INFORMATION PROVIDED:
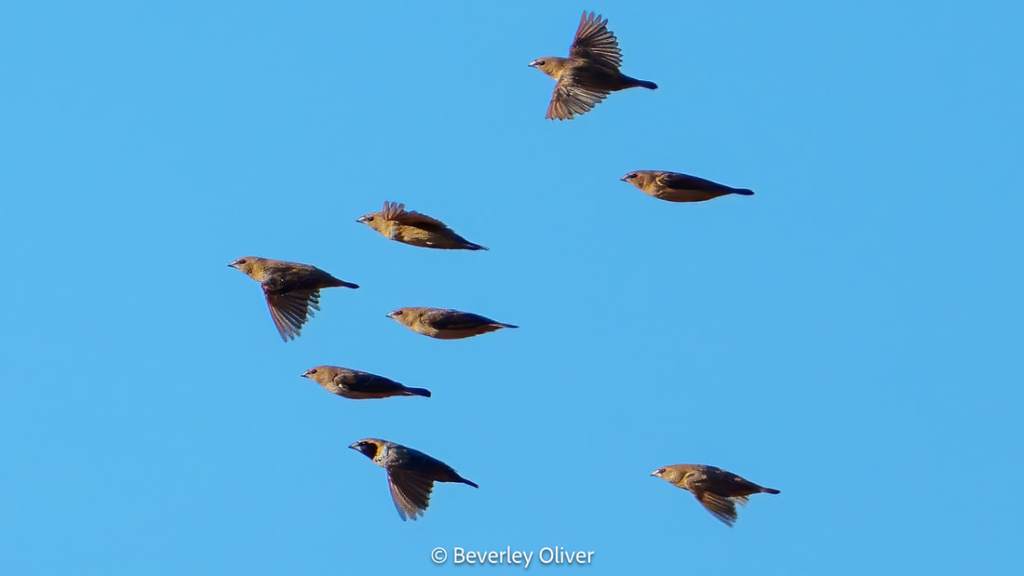 A group of nine birds flying in formation against a clear blue sky.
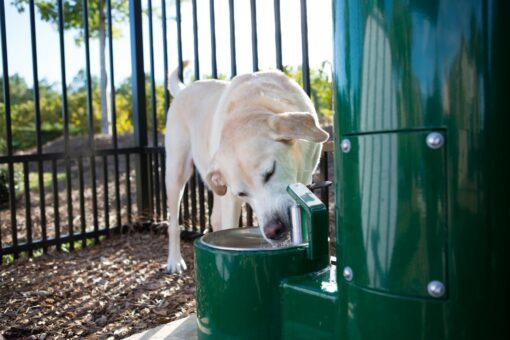 Fido Fountain - Image 2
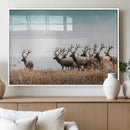 Elk Herd Wall Art Canvas Print – Framed Wildlife Photography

TASK DETAILS: Once the pictures are set aside, give every line above again without alteration.

WRITTEN RESPONSE:
 A group of nine birds flying in formation against a clear blue sky.
 Fido Fountain - Image 2
 Elk Herd Wall Art Canvas Print – Framed Wildlife Photography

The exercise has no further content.